But, as the title implies, The Wife truly belongs to Close. Her performance is one of sharpness and precision. To the world, Joan is the perfect helpmate, the elegant consort. “Please don’t paint me as a victim,” she advises an insistent journalist (Christian Slater), contracted to write an unauthorized biography of her husband. “I’m much more interesting than that.” However, even as she nags Joe to eat well (he’s had multiple bypass surgeries), take his pills, and brush the crumbs out of his beard, she is simmering under the surface. And, when she finally boils over, her rage and rancor harken back to another woman scorned, Close’s memorable turn as the iconic one-night-stand-turned-murderous-bitch in Fatal Attraction. Like Alex Forrest, Joan Castleman will not be ignored.

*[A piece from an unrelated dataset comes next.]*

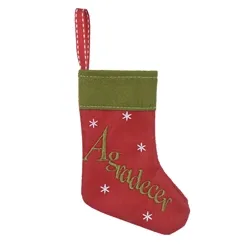 Natal Meia Desejos - Vermelho Verde - 14Cm - Vol. 3 - 77802001 - FA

Joe’s condescension (“I wouldn’t be anything without the love of my life”) and adultery might be enough to drive a spouse righteously mad, but The Wife hints at greater betrayals, which are illuminated through flashbacks. These are affecting scenes with particularly strong work from the two actors who play the Castlemans in their youth (Harry Lloyd and Close’s real-life daughter Annie Starke). We learn that Joan was a student of Joe’s at Smith in the 1950s. He saw great promise in her writing (and even greater promise, apparently, in the attractive young writer herself). He eventually left his wife and baby to marry Joan and they formed a literary partnership of sorts, in response to the norms of the day.
At one point in their courtship, Joe takes Joan to hear another writer, Elaine Mozell (Elizabeth McGovern), read from her latest work. The star-struck young Joan gushes that “Writing is my life.” This naive cliché seems impossible — Mozell warns her that women are not taken seriously as writers; men control what is published and purchased. But it proves also to be prophetic. Writing will become Joan’s entire life, but not in the way she had once hoped.

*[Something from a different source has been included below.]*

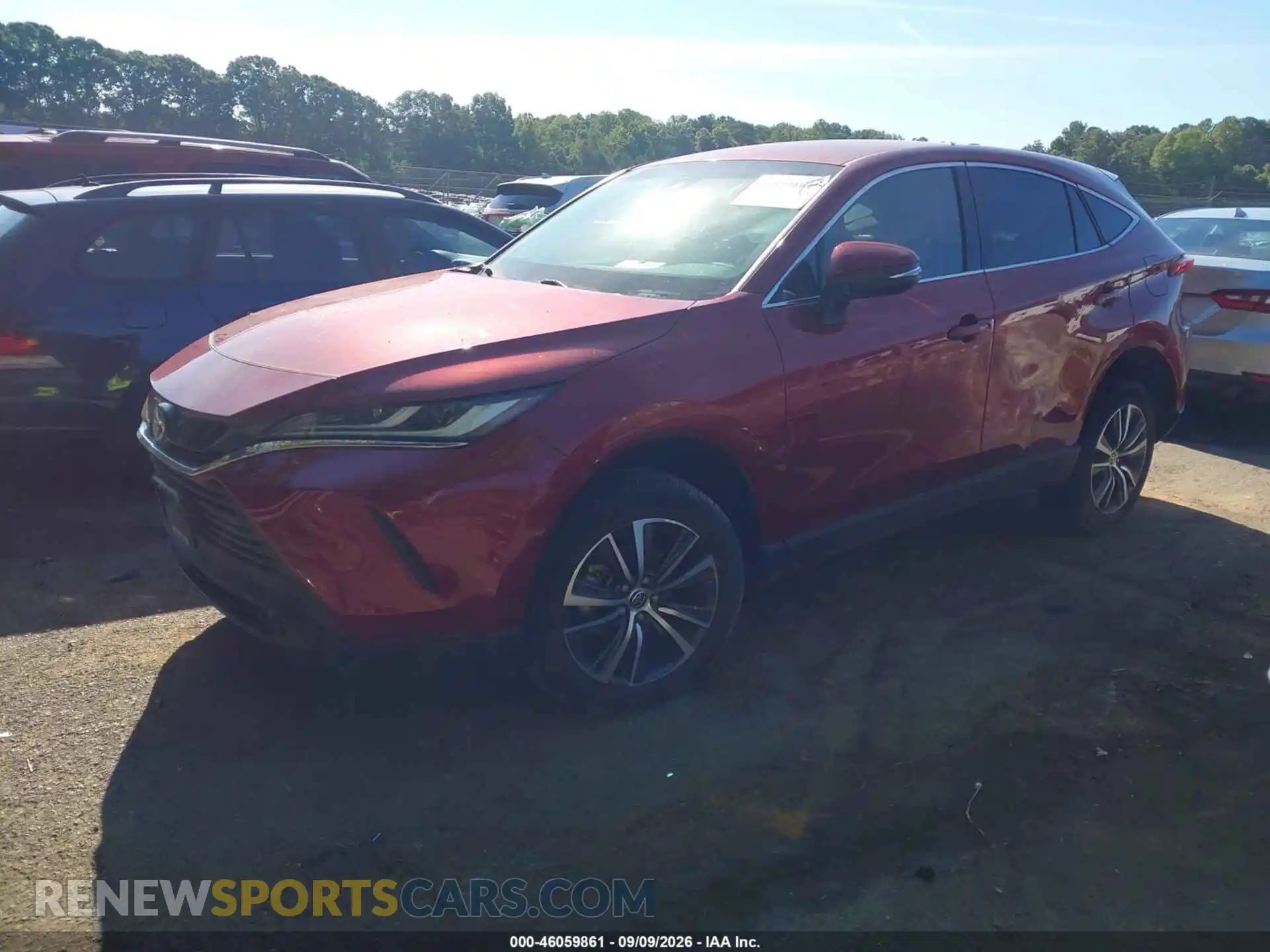 2 fotografías del automóvil dañado JTEAAAAH6PJ137391 TOYOTA VENZA 2023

The older Joan may not want to be portrayed as a victim, but The Wife argues that she is one. The question, however, is who or what is the victimizer? Is Joe truly a villain, or was it the misogynist system that kept Joan from fulfilling her own destiny as a writer? Or, and here is where lines become blurred, did Joan herself author her own story and character?
At the banquet following the Nobel Prize ceremony, King Gustav of Sweden asks Joan if she has a career. “Yes,” she answers, “I’m a king-maker.” “My wife would say the same thing,” laughs Gustav. However, Joan isn’t joking. In fact, as her husband gushes on and on from the dais that he owes all of his success to her, she becomes more and more enraged, sparking the fight to literally end all fights.
Lest this sound like a film that is relentlessly dark, there is some subtle and intelligent humor in The Wife. At a cocktail reception, soon after Joe’s prize has been announced, an editor from The New York Times tells him that he’ll be on the cover of the magazine section because they’re “bumping Clinton.” It isn’t hard to draw a parallel between the two great and philandering men and their loyal and long-suffering wives. When Joe has some trouble remembering who to bow to when in a rehearsal in Stockholm, the Nobel laureate for physics scolds him, “This isn’t rocket science.” There’s even some sex, although it’s about as awkward as any scene in memory.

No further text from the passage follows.